Hospital ratings will set the regulator up to fail

The recent media storm over the Care Quality Commission should make the Secretary of State for Health think again about hospital ratings. They will not give the public the infomation they need and will be used to discredit the regulator should future poor care be identified in a so called 'good' or 'excellent' hospital.

In all the furore over the Care Quality Commission, my thoughts are with the current staff. Between the legal challenges that providers jump to if regulatory action is taken and the public outcry if the opportunity for action is missed, there is no room for manoeuvre. They are damned if they do, damned if they don’t. Sir Robert Francis said in his radio interview on the Today programme on Monday (24 June 2013) that ‘healthcare is never going to be perfect and it is not productive to think it can be’. Similarly, the regulator can never spot every instance of poor care and it is not productive to think it can. It is a shame that the media and politicians pretend otherwise.

In the climate of criticism and blame we have seen in the recent week, one wonders why the Secretary of State for Health is pushing for recreation of hospital ratings. It was already hard to understand because every other initiative in the NHS at the moment is about moving care away from hospitals. A hospital rating reinforces the idea that healthcare equals hospitals.

Now maybe he will also see that he is setting the regulator up to fail.

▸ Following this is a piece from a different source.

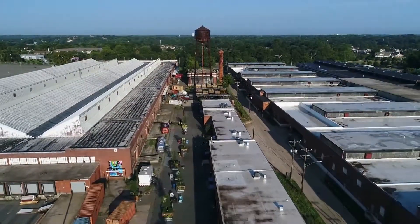From the street here on Statesville Avenue, you can see the sign for Camp North End. Really not a whole lot else, but from above, from the sky — wow, check it out.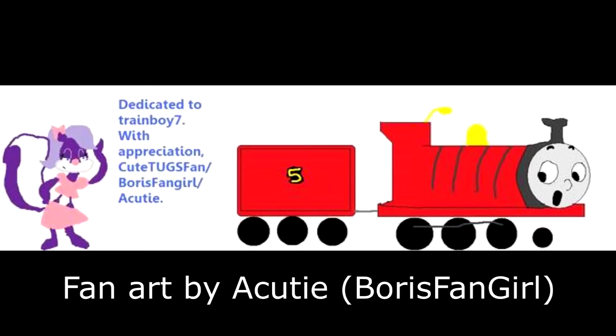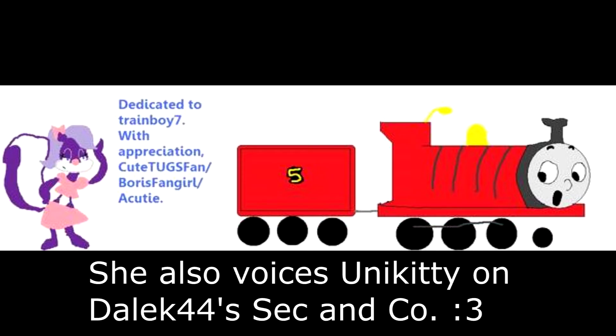In several episodes of Thomas and the Battle Railway Engine, Fifi LeFume — that's right, the purple skunk from Tiny Toon Adventures — she went after James in several episodes. It was especially noticeable in episode 9. What's even funnier, at one point Train Boy 7's logo was basically a silhouette of James and a silhouette of Fifi LeFume, presumably because of their relationship in Thomas and the Battle Railway Engine.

If any hospital is given a rating above satisfactory or adequate, the ‘rater’ will be sitting on a ticking time bomb. It is inconceivable there will not be a future story about poor care in any hospital, whether just one individual receiving poor care by act or omission, or a more systematic failure. Even great hospitals have poor departments, even poor hospitals have great departments. In my own field of paediatrics, I can recall Child Health Departments where some subspecialties were fantastic, others good enough and very occasionally, one where you need to take rapid action to turn it around. Will there be enough capacity to drill down to the kind of level that has meaning for a family seeking care for a specific condition?

I am not saying that it is not good to be recognised for achievement over and above minimum. We should always be striving to do better. I am just saying it is not the role of the regulator to do this. Now, more than ever, the regulator needs to focus on regulation, on how it forensically seeks out poor practice including responses to alerts about possible and actual poor practice and takes regulatory action. The Care Quality Commission was set up in 2009 and had to implement a completely new regulatory system by early 2010. It is only just completing the third year of operation of that system and it is, rightly and as expected, continuing to improve and refine both the design and the operation. The BMA and others, including Sir Robert Francis, have all commented on the impact of the frequent change of the regulator and also the change in the regulator’s functions. Why add a whole new design and implementation challenge to an organisation under stress? The Nuffield Trust strongly cautioned against an aggregated hospital rating as oversimplistic and unlikely to be useful in spotting lapses or giving the public the information it needs.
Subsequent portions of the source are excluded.